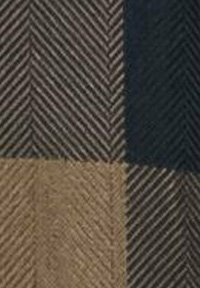 Geweven stof in een visgraatpatroon, met donkere blauwe, beige en bruine panelen. De textuur lijkt zacht en licht ruw.
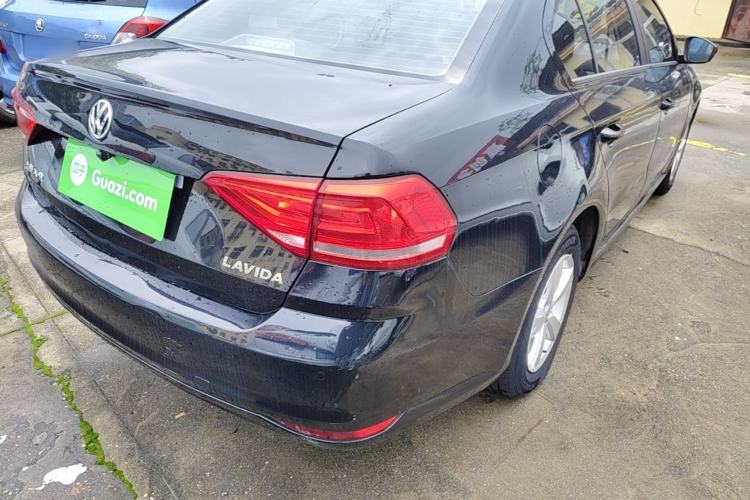 Used Volkswagen Lavida 2015 1.6L Automatic Fashion Edition Rear Right 45 Deg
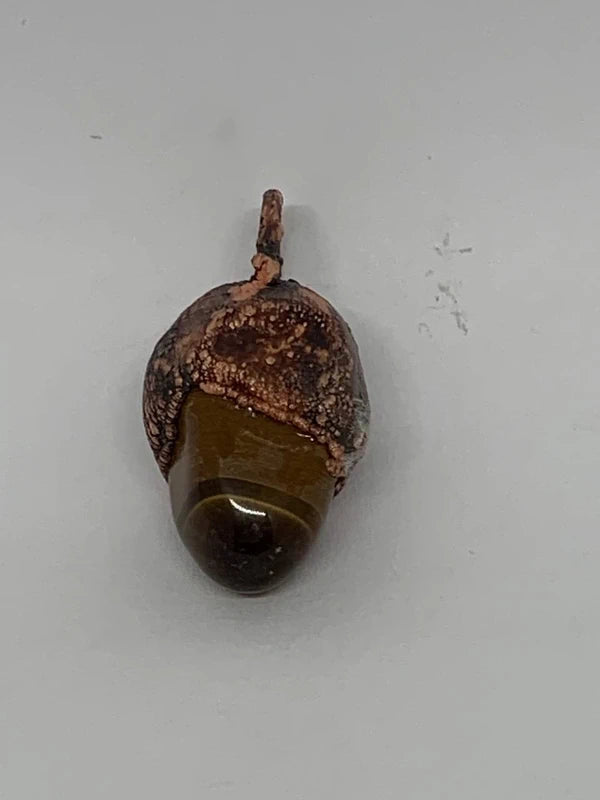 Ciondolo occhio di tigre naturale in rame elettroformato patina scura
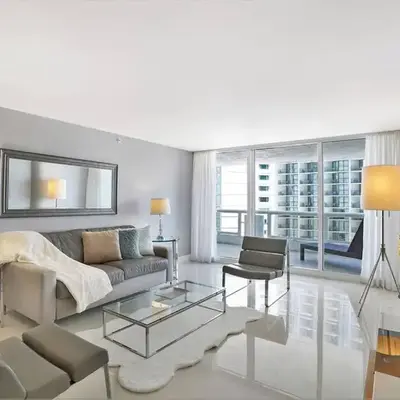 SeaDuced By Miami Skyline And Bay Views!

--

Work to complete
The result should be a transcript of the lines from the line containing "Used Volkswagen Lavida" through the end of the listing above, exact, inclusive, and without pictures.

Result below
 Used Volkswagen Lavida 2015 1.6L Automatic Fashion Edition Rear Right 45 Deg
 Ciondolo occhio di tigre naturale in rame elettroformato patina scura
 SeaDuced By Miami Skyline And Bay Views!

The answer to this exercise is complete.